*INSTRUCTIONS FOR THE TASK*. With pictures removed, the data below should be returned exactly.

Image-text web data
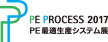 PE PROCESS 2017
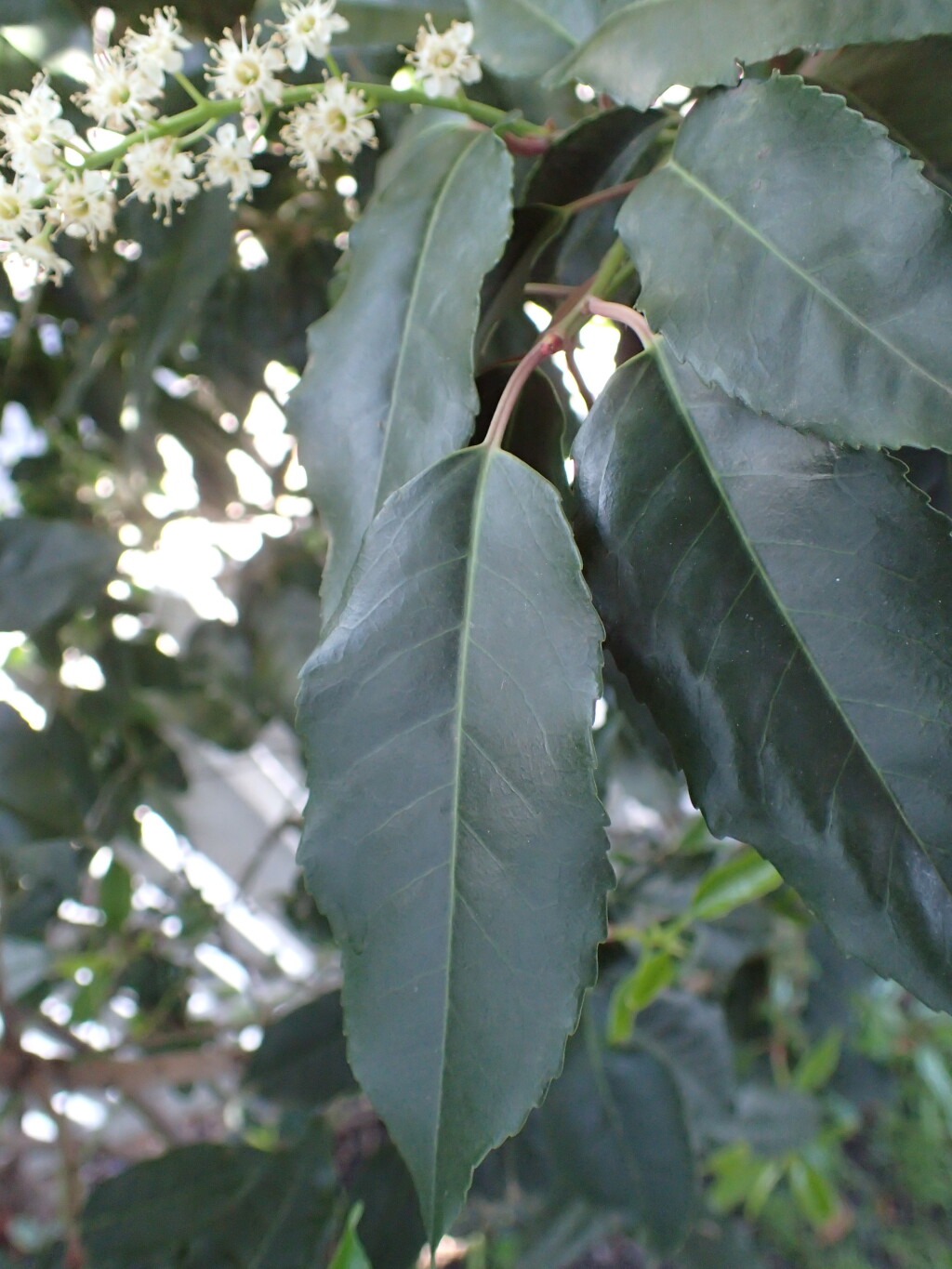 Prunus lusitanica (hero image)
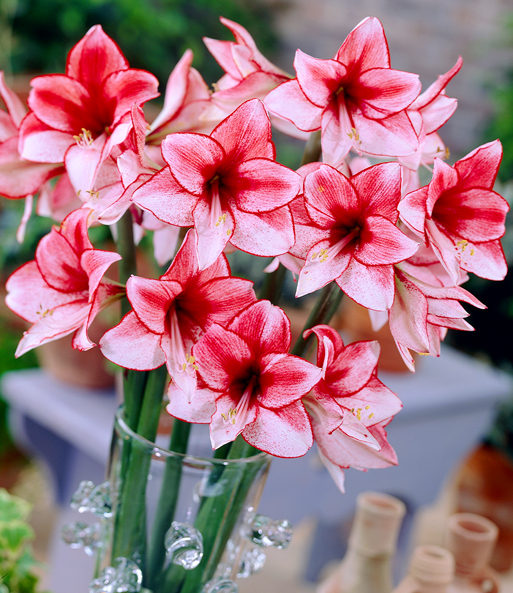 Amaryllis 'Charisma'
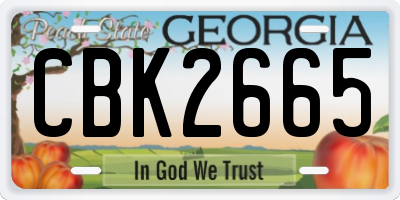 GA license plate CBK2665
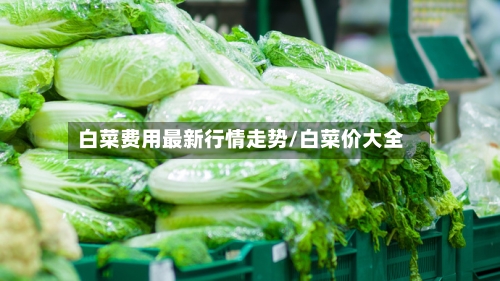 白菜费用最新行情走势/白菜价大全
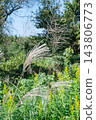 A landscape of grass and pampas grass 143806773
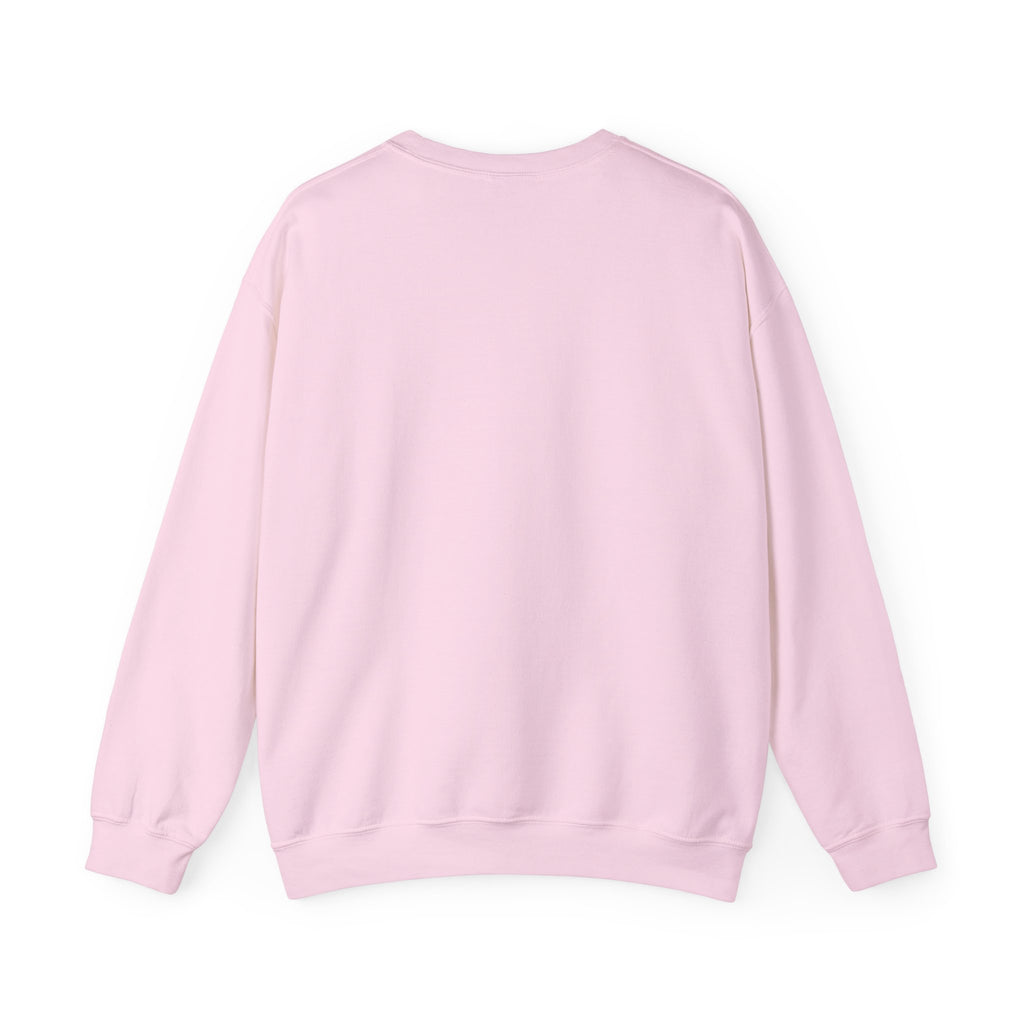 Aircrew Military Plane Graphic Sweatshirt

*RESULT OF THIS TASK*.
 PE PROCESS 2017
 Prunus lusitanica (hero image)
 Amaryllis 'Charisma'
 GA license plate CBK2665
 白菜费用最新行情走势/白菜价大全
 A landscape of grass and pampas grass 143806773
 Aircrew Military Plane Graphic Sweatshirt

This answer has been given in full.